In this summary of On the Run by Alice Goffman, you’ll discover:
- how some people can make money from urine,
- why going to the hospital when injured might not be the smartest idea, and
- why Sixth Street women call the police to apprehend their boyfriends.
On the Run Key Idea #1: Large swaths of US society live their lives under threat of police arrest.
Sixth Street in Philadelphia is just another poor black neighborhood in America. Those who live there embody a lifestyle familiar to many Americans: a life centered around evading the law, or a fugitive culture.
But from where does this culture originate?
One major source is the US justice system, which has criminalized large parts of society.
US prison statistics show that since “tough-on-crime” and “war-on-drugs” policies were implemented in the 1970s, prison confinement rates have sharply risen. Today, about 3 percent of US adults sit either inside prison or outside under some type of police supervision (such as under house arrest). To put things into perspective, only labor camps under Stalin in the Soviet Union match the levels of incarceration in America today.
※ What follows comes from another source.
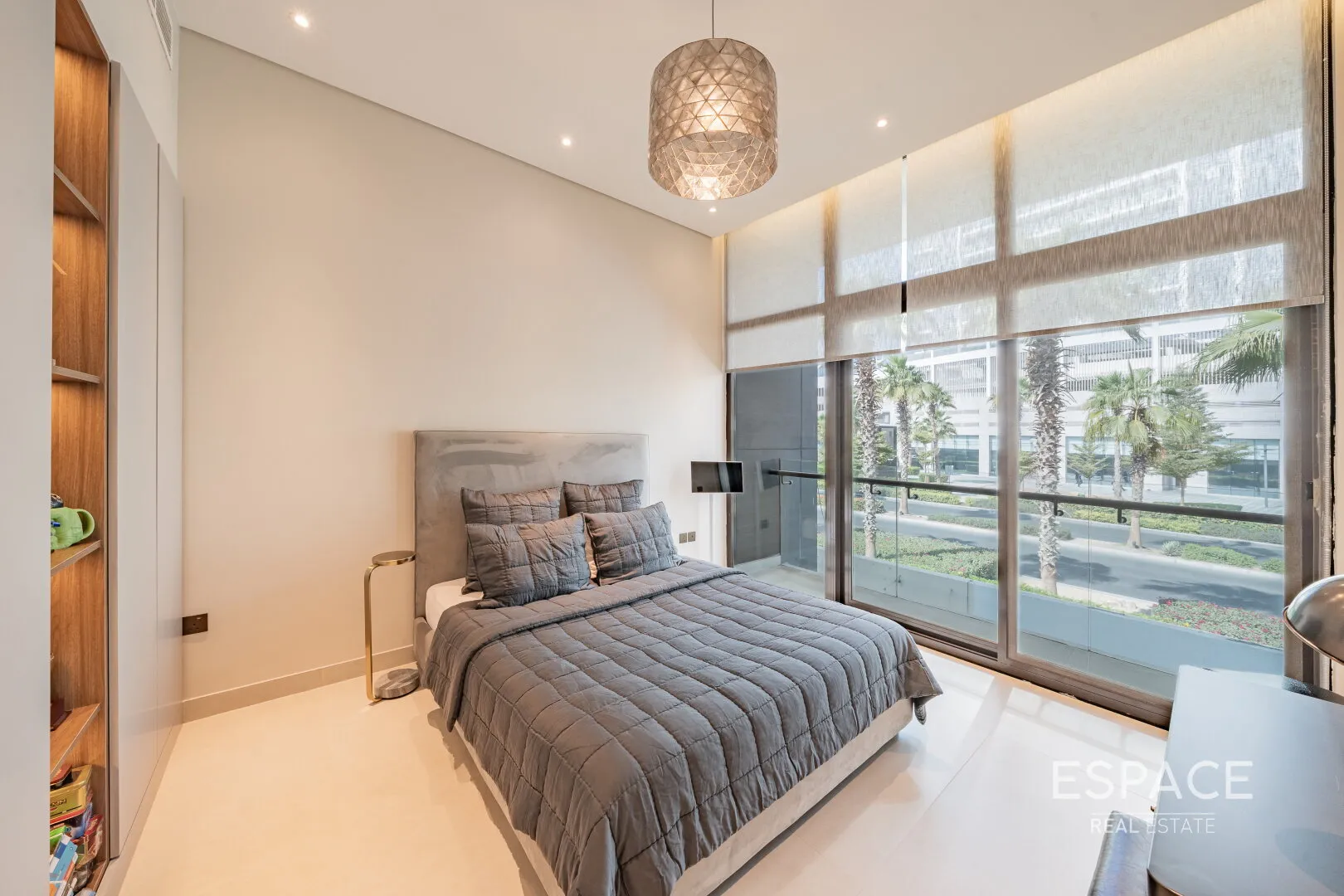 single static gallery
Further statistical analysis reveals that black Americans are a group that is particularly targeted. While this group represents only 13 percent of the population of the United States, black Americans make up 37 percent of the prison population. This recent increase was largely driven by welfare cuts that pushed many in black communities into the drug trade to survive – just when the government crackdown on the drug economy began.
We like to think that people choose to be criminals. But most people in poor neighborhoods become criminals as there is little else to do to survive. Living in areas that are plagued by high unemployment, an individual might sell crack on the side to make ends meet. But while selling drugs could help provide needed cash for your family, it could also be the first step in an endless cycle of warrants, court hearings and jail time.
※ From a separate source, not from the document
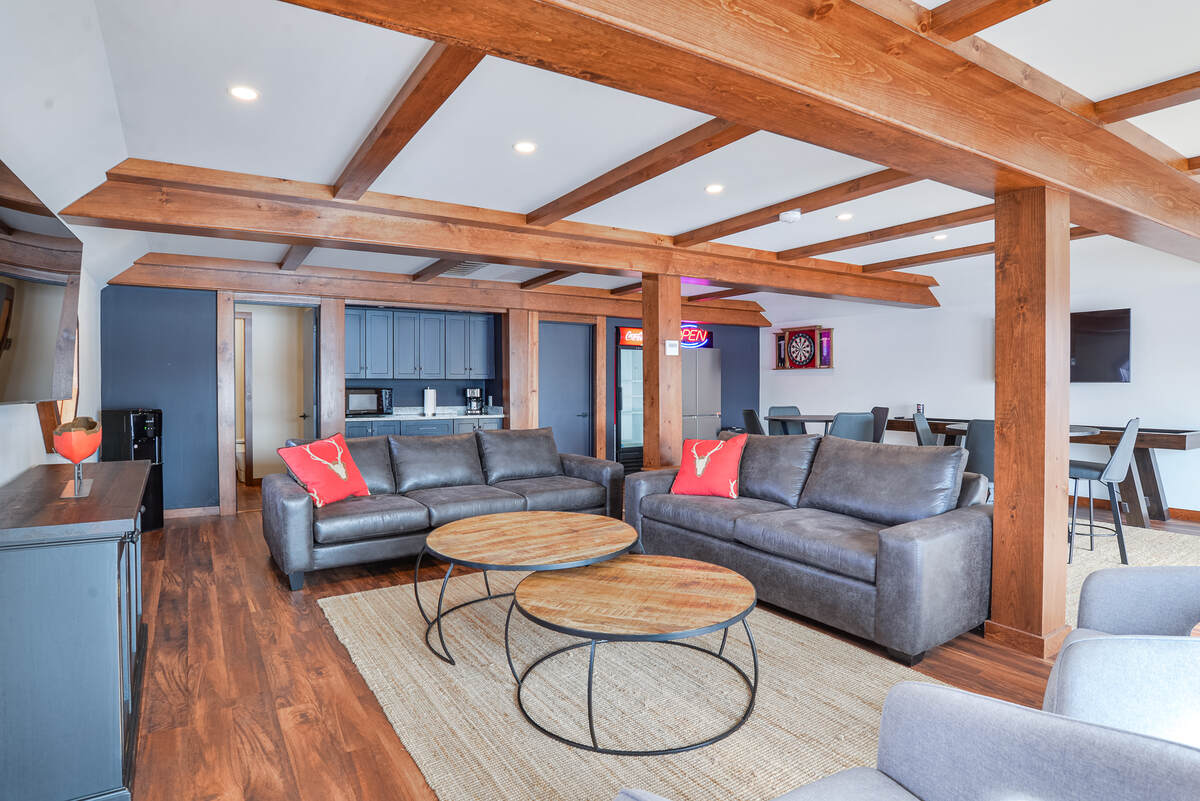Entertainment Room Sitting area and Coffee Nook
Most of the young people who live in this Philadelphia neighborhood – the Sixth Street boys – are caught up in this cycle and as a result are always on the run.
In this cycle, minor events often balloon into full-scale criminal activity, dragging everyone into its pull. For example, an adult is arrested for possessing marijuana; as a result, he loses his driver’s license. Out on probation, he drives his brother to school, but is then caught driving without a license; he’s arrested and put in jail. Now the brother robs a store to “earn” the bail money...and the cycle continues.
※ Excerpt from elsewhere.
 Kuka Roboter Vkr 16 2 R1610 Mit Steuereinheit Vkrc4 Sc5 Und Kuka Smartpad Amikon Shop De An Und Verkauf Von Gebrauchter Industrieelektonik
On the Run Key Idea #2: In a fugitive culture, it’s usually better to run from the police than cooperate.
You might think that the best way to avoid problems with the law is to respect the law. But unfortunately, for many Sixth Street boys, this simply doesn't work.
Because in a place like Sixth Street, you are always a target no matter what you have – or haven’t – done.
If you live in a fugitive culture, there’s always a reason for the police to nab you. Perhaps you’ve a half-smoked joint in your pocket, or the rules of your probation forbid you to be on a certain street. Thus when the police approach you, even if you feel you’ve done nothing wrong, the risk is high that something will come up.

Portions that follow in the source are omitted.